The oysters: "could use a dip in batter and some time in the fryer."
The crab dip: "out of a Junior League cookbook, with potato chips russet with Old Bay seasoning, all celery salt and heat."
The ham and biscuits "church-supper Virginia ham, with biscuits that taste morning-made and midday-refrigerated."
The Steak: "puts you right back into a New York winter: eating B-minus food with friends, throwing money down a hatch"
The sorbet: "tastes like a candle"
That said, Sifty does mention some standouts, including an excellent rock-shrimp taco plate, "beautifully made" braised octopus, a bowl of roasted mushrooms that he calls "a marvel of haunting taste," along with a "decent" hamburger, and a "handsome" oyster po'boy. In the end, he's disappointed because, "New Yorkers probably deserve better. Certainly better is available." [NYT]
Sifton also launches some barbs at the newish neighborhood spot in Brooklyn Heights Bread and Butter: "The fried chicken, though, wan and chewy, rather than crusted and rich, raises ire...it has barely a lead on what you’d find at a steam-table salad bar somewhere along Second Avenue...first-apartment food in a bedroom community one stop from Wall Street, comforting only in name. It’s depressing." [NYT]
Jay Cheshes also has a review for the West Village's Choptank, giving it three out of five stars: "While Choptank is not my first choice among the neighborhood fish shacks, it’s certainly an improvement on the restaurant that last inhabited this awkward parcel of real estate—the dyspeptic Pan-Asian Bar-Q...The menu...is as generically pleasing as the decor. The dishes, which run the gamut from lowbrow bar food to urbane composed plates, don’t add up to a coherent identity." [TONY]
Ryan Sutton files on the steak, the scene, the spaetzle at Prime Meats in Carroll Gardens: "The year-old Prime Meats is a competitor not just to Luger, but to every steakhouse in Manhattan. And it’s found a niche with a German bent (soft, malty pretzels) and a bargain strip steak ($23)." That said, "Sometimes the hip slacker factor goes overboard." [Bloomberg]
Adam Platt files on Tom Colicchio's big second return to the kitchen, Colicchio & Sons, and finds that the celeb chef is "behind the curve, battling to catch up." It gets one star: "the overall impression, as one item succeeds another, is of a kitchen throwing as many flavor combinations at the wall as possible, in the hopes that one or two of them will stick.

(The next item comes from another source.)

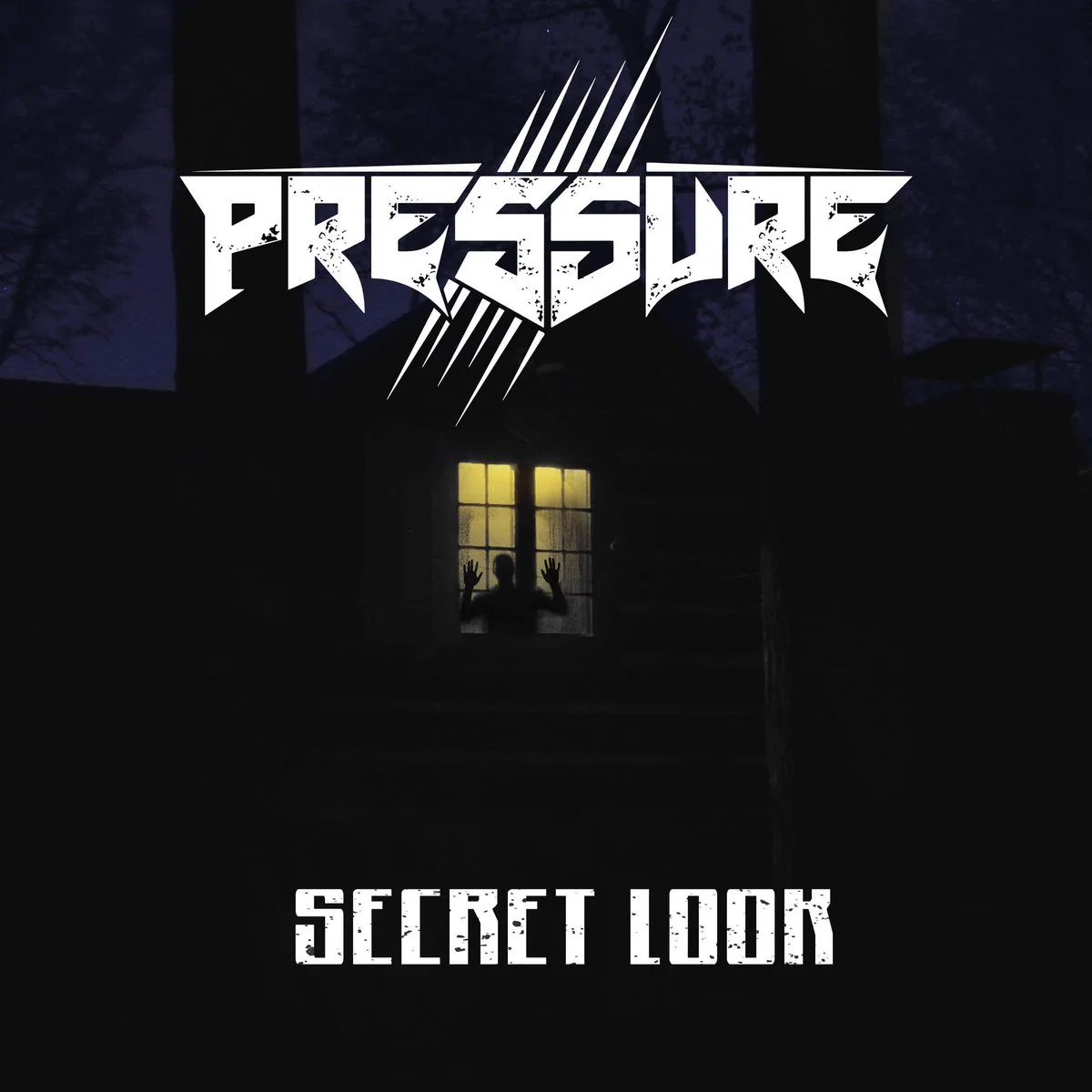 Secret Look cover
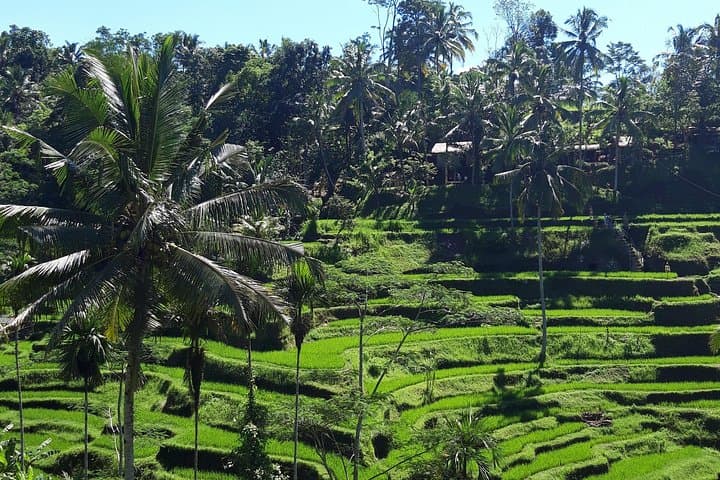 Best of Ubud Tour: Water Temple, Waterfall, Rice Terrace & Jungle Swing photo 2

If you choose wisely, several of them actually do." [NYM]
THE ELSEWHERE: Julia Moskin reports that Testaccio in Long Island City is better than the average mid-priced Italian, Robert Sietsema heads out to Bay Ridge to file on the two highlights, Tanoreen and Athens Express, Tables for Two notes that Standard Grill chef Dan Silverman "misses as often as he hits," Gael Greene doesn't feel cool enough to hang at Bagatelle, but notes that the food isn't all bad.
THE BLOGS: Life with Food and Drink finds the pizza fantastic but perhaps not as good as Motorino at Ovest in Chelsea, The Food Doc files on the first night at JGV's Mark and likens the offerings to "hotel food," the Pink Pig has some old fashioned hare at Cercle Rouge, Immaculate Infatuation figures either the food has gone downhill at Landmarc or their standards are now higher, while the Serious Eats squad tackle the enjoyable Mimi's Hummus and new sister spot Castello Plan in Ditmas Park.